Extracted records
● ● ● ● ●
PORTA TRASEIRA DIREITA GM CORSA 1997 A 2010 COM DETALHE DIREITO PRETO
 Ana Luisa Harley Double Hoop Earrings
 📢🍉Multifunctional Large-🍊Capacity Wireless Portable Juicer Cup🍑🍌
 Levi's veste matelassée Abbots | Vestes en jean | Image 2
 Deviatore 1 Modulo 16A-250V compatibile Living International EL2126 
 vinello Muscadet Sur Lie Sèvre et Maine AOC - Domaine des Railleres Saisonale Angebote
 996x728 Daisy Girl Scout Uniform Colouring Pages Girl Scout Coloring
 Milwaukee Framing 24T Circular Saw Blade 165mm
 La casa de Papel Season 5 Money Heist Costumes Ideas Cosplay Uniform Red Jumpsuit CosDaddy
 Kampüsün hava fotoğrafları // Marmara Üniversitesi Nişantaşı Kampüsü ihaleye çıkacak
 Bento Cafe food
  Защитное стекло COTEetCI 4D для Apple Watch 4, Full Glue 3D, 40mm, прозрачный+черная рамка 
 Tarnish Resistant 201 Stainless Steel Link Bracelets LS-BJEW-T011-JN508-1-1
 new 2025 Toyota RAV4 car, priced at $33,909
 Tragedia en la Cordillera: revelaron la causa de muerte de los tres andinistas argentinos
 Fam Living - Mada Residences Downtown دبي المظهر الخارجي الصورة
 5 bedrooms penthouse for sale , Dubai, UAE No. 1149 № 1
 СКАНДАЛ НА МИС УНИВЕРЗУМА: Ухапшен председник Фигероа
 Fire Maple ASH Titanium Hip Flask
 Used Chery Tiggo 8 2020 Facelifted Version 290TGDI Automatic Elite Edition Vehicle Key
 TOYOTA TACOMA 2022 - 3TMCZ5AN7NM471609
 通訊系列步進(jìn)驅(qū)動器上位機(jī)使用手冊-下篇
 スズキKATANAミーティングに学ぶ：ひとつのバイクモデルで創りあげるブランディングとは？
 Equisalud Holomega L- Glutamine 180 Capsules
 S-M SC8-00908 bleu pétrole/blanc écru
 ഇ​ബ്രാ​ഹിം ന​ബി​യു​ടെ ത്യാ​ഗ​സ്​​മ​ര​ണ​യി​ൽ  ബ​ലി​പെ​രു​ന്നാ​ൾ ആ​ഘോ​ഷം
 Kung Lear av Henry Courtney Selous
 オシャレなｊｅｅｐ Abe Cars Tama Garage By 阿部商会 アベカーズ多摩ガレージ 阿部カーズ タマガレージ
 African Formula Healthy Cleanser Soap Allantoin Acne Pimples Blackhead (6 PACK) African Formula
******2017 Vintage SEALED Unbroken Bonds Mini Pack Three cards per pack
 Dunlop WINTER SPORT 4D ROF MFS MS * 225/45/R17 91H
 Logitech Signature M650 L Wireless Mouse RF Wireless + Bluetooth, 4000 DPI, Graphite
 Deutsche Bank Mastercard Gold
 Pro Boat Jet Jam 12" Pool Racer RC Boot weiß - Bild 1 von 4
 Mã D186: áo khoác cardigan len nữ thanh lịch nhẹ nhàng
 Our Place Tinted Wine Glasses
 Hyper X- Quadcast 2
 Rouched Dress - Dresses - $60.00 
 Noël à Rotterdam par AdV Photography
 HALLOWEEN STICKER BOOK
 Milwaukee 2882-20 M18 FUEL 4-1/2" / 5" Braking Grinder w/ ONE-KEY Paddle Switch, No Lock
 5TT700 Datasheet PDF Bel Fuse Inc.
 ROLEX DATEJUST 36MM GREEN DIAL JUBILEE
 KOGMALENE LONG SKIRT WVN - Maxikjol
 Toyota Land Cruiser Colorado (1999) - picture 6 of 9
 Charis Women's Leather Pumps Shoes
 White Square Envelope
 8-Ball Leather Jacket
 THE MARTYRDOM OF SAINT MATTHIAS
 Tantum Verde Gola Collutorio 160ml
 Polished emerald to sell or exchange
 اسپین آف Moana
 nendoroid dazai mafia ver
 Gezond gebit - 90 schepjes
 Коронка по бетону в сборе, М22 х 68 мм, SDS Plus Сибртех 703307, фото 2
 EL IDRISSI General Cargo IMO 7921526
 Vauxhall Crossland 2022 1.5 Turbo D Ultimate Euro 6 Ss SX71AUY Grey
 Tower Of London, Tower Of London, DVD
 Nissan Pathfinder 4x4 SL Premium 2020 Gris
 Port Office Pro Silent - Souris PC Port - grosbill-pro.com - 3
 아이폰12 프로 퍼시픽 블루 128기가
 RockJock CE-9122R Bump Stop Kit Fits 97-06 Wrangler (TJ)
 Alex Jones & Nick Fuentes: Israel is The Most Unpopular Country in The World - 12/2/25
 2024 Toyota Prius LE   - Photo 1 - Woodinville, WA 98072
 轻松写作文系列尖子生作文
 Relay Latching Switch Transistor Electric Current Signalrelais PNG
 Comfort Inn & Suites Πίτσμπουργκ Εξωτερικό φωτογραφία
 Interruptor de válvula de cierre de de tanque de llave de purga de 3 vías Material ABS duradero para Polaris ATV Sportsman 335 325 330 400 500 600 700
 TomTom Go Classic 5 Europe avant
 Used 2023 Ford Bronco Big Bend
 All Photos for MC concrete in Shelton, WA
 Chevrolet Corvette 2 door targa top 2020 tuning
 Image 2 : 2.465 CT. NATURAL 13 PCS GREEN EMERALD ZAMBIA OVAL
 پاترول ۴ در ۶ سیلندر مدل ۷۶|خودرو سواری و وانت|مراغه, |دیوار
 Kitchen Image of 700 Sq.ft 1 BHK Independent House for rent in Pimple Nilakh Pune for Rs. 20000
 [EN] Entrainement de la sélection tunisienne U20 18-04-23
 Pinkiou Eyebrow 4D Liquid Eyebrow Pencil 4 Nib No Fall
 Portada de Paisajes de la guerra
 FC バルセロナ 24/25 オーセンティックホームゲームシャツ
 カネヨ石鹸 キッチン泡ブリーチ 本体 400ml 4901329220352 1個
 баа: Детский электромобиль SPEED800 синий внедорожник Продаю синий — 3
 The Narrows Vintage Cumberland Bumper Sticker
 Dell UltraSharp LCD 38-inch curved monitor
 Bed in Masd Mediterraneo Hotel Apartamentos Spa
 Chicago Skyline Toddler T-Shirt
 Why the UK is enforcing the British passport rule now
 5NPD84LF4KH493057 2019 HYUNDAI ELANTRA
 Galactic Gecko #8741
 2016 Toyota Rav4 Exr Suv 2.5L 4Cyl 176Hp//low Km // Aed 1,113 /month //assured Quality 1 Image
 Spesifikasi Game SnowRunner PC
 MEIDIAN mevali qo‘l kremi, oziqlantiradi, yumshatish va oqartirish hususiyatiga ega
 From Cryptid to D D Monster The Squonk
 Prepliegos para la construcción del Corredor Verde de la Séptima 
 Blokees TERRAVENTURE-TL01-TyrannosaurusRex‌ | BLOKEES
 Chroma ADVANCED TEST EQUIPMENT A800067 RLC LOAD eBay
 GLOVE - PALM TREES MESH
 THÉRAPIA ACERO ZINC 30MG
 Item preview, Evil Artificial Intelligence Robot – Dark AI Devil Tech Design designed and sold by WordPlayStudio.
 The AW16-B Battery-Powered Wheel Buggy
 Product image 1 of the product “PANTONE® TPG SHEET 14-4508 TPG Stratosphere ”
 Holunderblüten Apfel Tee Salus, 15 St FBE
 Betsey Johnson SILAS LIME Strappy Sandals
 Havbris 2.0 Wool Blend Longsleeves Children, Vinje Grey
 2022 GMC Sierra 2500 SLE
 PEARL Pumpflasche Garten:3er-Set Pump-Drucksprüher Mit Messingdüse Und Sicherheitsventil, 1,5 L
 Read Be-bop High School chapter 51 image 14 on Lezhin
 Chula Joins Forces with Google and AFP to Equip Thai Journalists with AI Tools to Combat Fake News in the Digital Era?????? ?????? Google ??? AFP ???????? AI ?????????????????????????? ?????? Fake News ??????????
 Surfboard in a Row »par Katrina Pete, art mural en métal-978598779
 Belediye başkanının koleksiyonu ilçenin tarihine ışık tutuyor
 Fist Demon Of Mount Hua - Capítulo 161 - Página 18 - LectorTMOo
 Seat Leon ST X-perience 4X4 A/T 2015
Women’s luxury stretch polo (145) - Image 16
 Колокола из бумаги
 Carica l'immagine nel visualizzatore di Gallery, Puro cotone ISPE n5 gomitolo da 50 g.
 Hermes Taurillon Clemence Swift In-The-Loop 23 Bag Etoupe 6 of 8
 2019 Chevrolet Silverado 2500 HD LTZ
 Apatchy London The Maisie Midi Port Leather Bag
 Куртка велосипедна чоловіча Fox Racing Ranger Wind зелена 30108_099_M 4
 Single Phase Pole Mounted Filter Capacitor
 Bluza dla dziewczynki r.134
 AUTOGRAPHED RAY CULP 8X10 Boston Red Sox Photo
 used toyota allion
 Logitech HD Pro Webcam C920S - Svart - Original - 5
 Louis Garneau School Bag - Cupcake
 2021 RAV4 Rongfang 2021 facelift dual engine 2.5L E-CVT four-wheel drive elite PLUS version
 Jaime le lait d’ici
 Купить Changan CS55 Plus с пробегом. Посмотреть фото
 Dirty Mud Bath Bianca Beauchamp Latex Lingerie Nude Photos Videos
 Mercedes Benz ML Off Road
● ● ● ● ●
What needs to be done
The first line of the entries above marks where to begin; repeat each line exactly through the one that contains "Защитное стекло COTEetCI", and include that line.

Your response
PORTA TRASEIRA DIREITA GM CORSA 1997 A 2010 COM DETALHE DIREITO PRETO
 Ana Luisa Harley Double Hoop Earrings
 📢🍉Multifunctional Large-🍊Capacity Wireless Portable Juicer Cup🍑🍌
 Levi's veste matelassée Abbots | Vestes en jean | Image 2
 Deviatore 1 Modulo 16A-250V compatibile Living International EL2126 
 vinello Muscadet Sur Lie Sèvre et Maine AOC - Domaine des Railleres Saisonale Angebote
 996x728 Daisy Girl Scout Uniform Colouring Pages Girl Scout Coloring
 Milwaukee Framing 24T Circular Saw Blade 165mm
 La casa de Papel Season 5 Money Heist Costumes Ideas Cosplay Uniform Red Jumpsuit CosDaddy
 Kampüsün hava fotoğrafları // Marmara Üniversitesi Nişantaşı Kampüsü ihaleye çıkacak
 Bento Cafe food
  Защитное стекло COTEetCI 4D для Apple Watch 4, Full Glue 3D, 40mm, прозрачный+черная рамка 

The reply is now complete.